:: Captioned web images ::
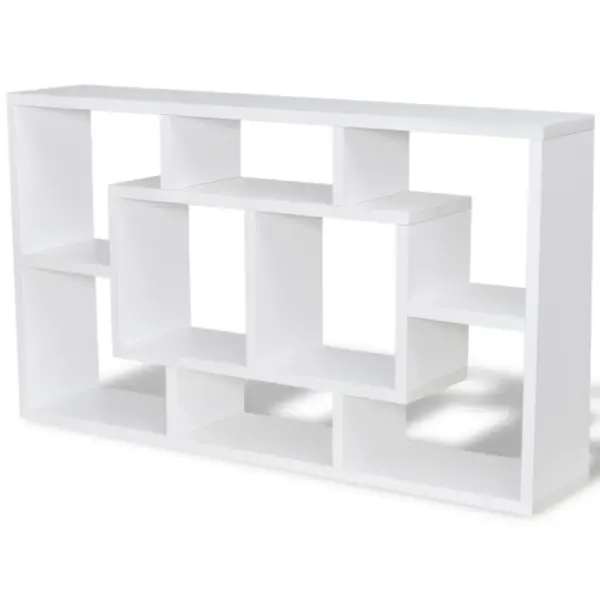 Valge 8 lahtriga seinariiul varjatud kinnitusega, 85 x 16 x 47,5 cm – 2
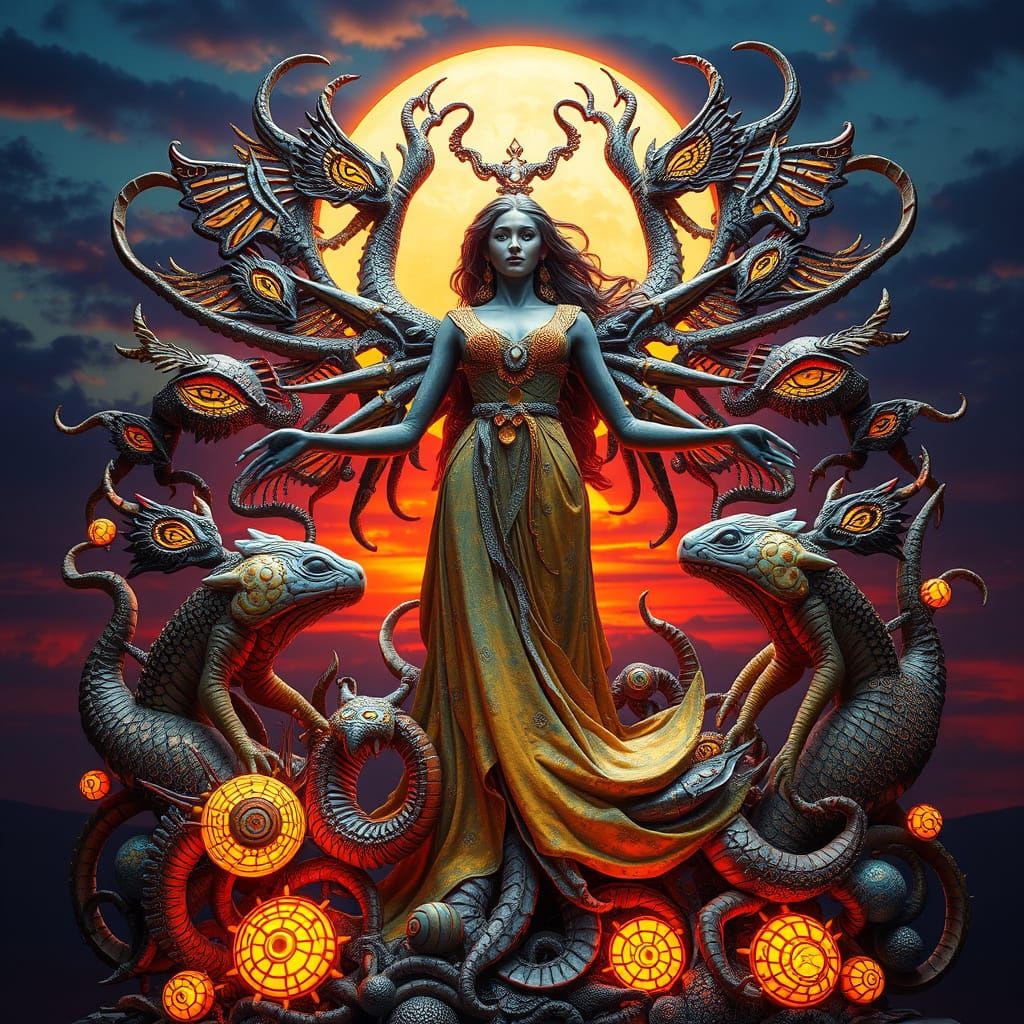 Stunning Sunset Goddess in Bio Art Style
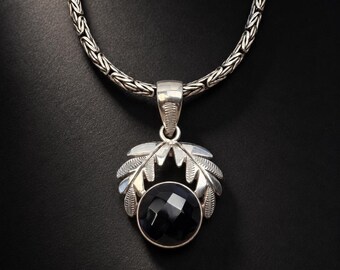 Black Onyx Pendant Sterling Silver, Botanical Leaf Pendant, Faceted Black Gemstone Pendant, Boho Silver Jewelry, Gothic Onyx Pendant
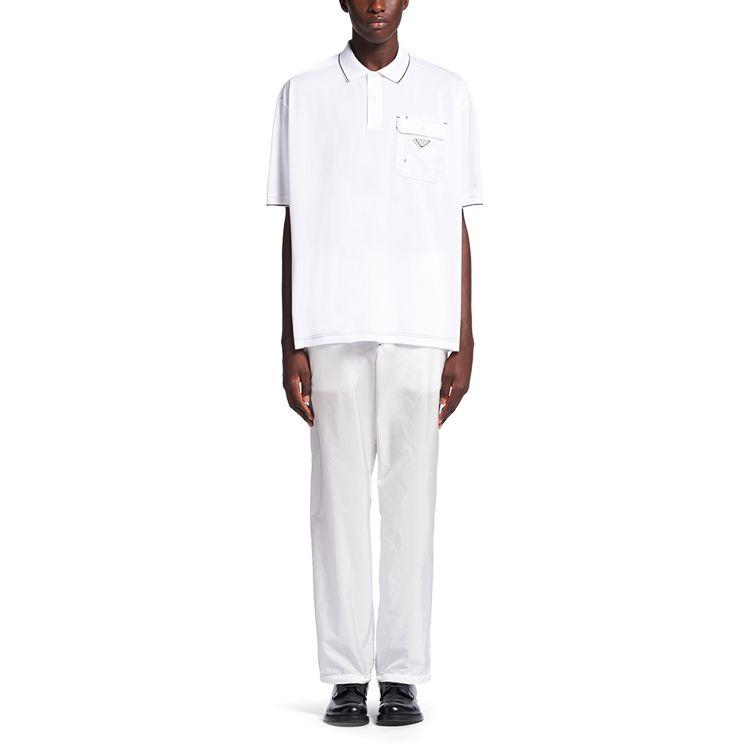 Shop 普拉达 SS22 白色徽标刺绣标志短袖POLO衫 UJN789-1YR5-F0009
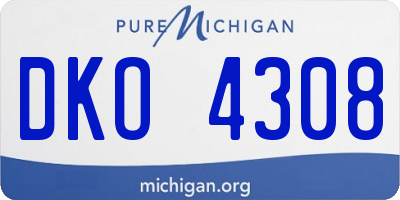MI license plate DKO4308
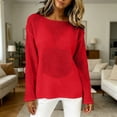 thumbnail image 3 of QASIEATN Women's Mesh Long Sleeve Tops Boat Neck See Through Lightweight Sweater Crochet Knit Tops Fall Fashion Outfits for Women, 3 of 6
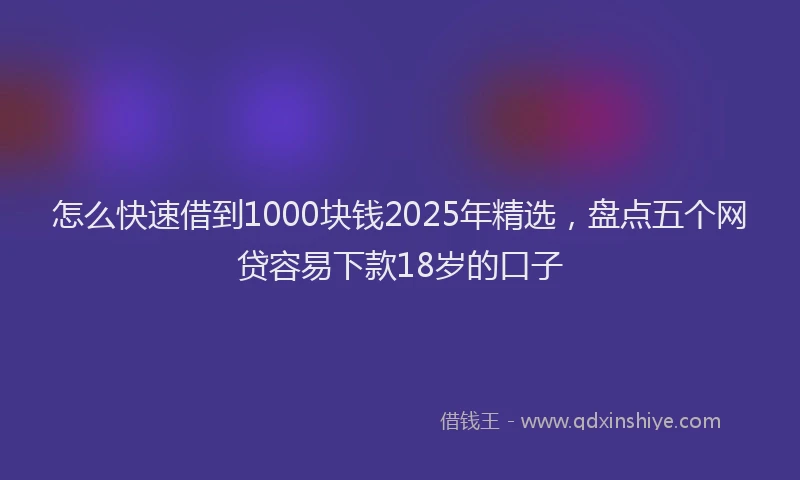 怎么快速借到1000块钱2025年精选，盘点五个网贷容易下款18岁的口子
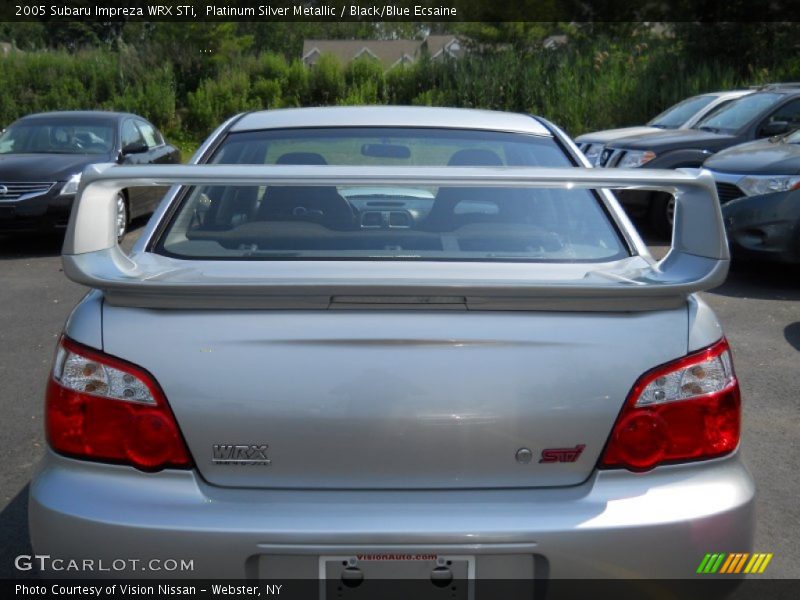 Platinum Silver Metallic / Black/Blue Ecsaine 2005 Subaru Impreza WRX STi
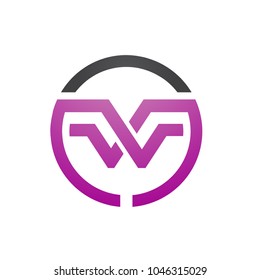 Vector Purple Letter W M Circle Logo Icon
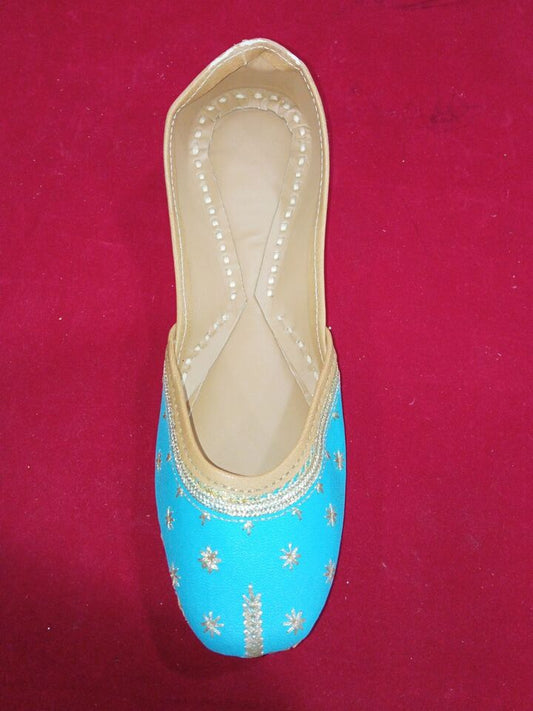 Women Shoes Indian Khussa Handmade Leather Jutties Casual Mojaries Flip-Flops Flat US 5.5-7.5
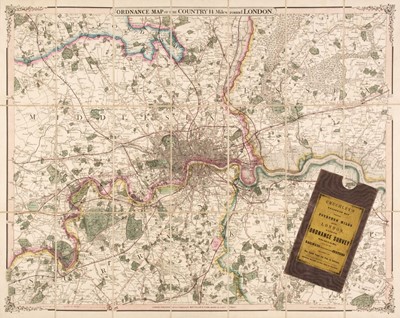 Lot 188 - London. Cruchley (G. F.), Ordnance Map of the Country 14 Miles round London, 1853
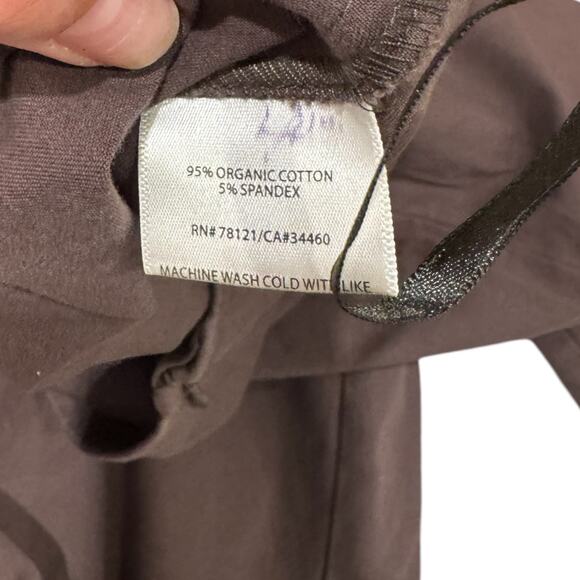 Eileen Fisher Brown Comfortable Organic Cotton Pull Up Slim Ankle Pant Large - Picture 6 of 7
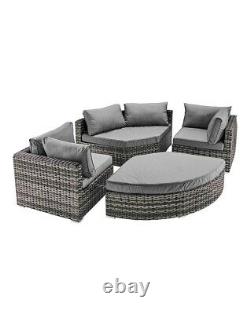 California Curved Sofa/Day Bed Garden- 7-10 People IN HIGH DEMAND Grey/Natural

:: WHAT IS BEING ASKED ::
Beginning with the line containing "Platinum Silver Metallic" and ending with the last line of the data above, repeat each line exactly. Include no pictures and no other lines.

:: RESPONSE FOR THIS EXERCISE ::
 Platinum Silver Metallic / Black/Blue Ecsaine 2005 Subaru Impreza WRX STi
 Vector Purple Letter W M Circle Logo Icon
 Women Shoes Indian Khussa Handmade Leather Jutties Casual Mojaries Flip-Flops Flat US 5.5-7.5
 Lot 188 - London. Cruchley (G. F.), Ordnance Map of the Country 14 Miles round London, 1853
 Eileen Fisher Brown Comfortable Organic Cotton Pull Up Slim Ankle Pant Large - Picture 6 of 7
 California Curved Sofa/Day Bed Garden- 7-10 People IN HIGH DEMAND Grey/Natural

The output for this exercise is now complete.